Damai dance in mid-western Nepal seeks for revival
Punjita Pradhan, KATHMANDU, (Xinhua): Dancing is not just a form of art and cultural expression. To a small handful of males in Jumla of Karnali district in mid-western region of Nepal, dancing is a way of living as well.
Dressed in a unique way, which can be astounding not only to outsiders but to native people as well, these men play their own instruments, make their own music, sing their own songs and dance to their own beats.
They wear white turbans, and their uniform comprises of a waist-coat, a red-shawl on their shoulders and a long piece of cloth around their waist when they dance.
Another interesting feature of the dance is that it is only performed by males of the “Damai” community of the region. People in the damai community have customarily chosen tailoring as their profession. Theirs is among the indigenous and backward communities of Nepal.
The five traditional instruments used in the performances are also unique to the region and only local dancers know how to play them.
While they take tailor as their preferred profession, their dance is very significant to the region as it is performed in several auspicious occasions such as marriage, birth of a baby boy, festivals, worship and to welcome a distinguished visitor to the region.
During such performaces, they collect money from the audience as their extra income.
Jaya Bahadur Pariyar, the 79-year-old leading performer, told Xinhua that he learnt the dance from his forefathers at a very young age.
Although he doesn’t have a clear idea about when the tradition began in his community and why only males are allowed to dance, he believes it was God’s idea.
“I believe God assigned us to do it and therefore, we are doing it,” Pariyar said, adding that it is both difficult and disrespectful for women to carry the instruments and to dance in front of others.
During his lifetime as a performer, Praiyar said he has performed on many important occasions including ceremonies for the former kings and monarchs of the country.
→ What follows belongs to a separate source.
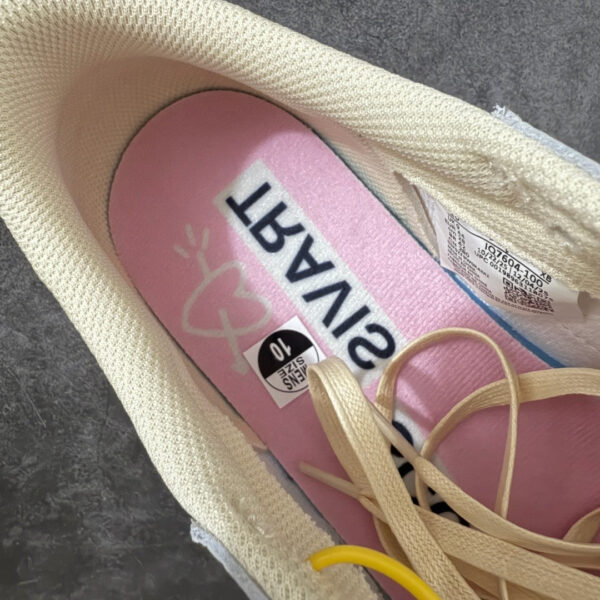 IMG_2282 Jordan 1 Low Travis Scott Shy Pink IQ7604-100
“I have also received award and recognition for my performances, ” he said proudly.
As a tradition, the dance is handed down to other male members of the family. All his sons can perform the dance.
He has also taught the dance to his grandsons. But unfornately, the dance makes his grandsons feel embarrassed rather than proud.
Sanu Pariyar, 18, the youngest of the Pariyar family, has also learnt the dance and often performs with the rest of the male. However, he says that the dancing makes him shy.
“I do enjoy the dance and I like and respect it too, but I am not very comfortable to do it in front of everyone,” the junior Pariyar told Xinhua.
Pariyar plans to leave his village for the cities to seek a better future for himself.
The senior Pariyars are disheartened as the younger generation keeps a respectful distance from their honored tradition, but they believe that Sanu Pariyar’s decision to go out of the village will help uplift their community.
Meanwhile, only a handful of people can perform the dance and carry forward the tradition.
Subha Shrestha, a cultural activist, told Xinhua that such traditions should be passed on and preserved.
“Karnali is a very remote region of Nepal. It does not have easy access to other parts of the world. And therefore, the culture and tradition of those places are hidden,” Shrestha said.
“The Damai dance is one of the unique dances of Nepal and if it is rightly portrayed, it can be a heritage,” said Shrestha.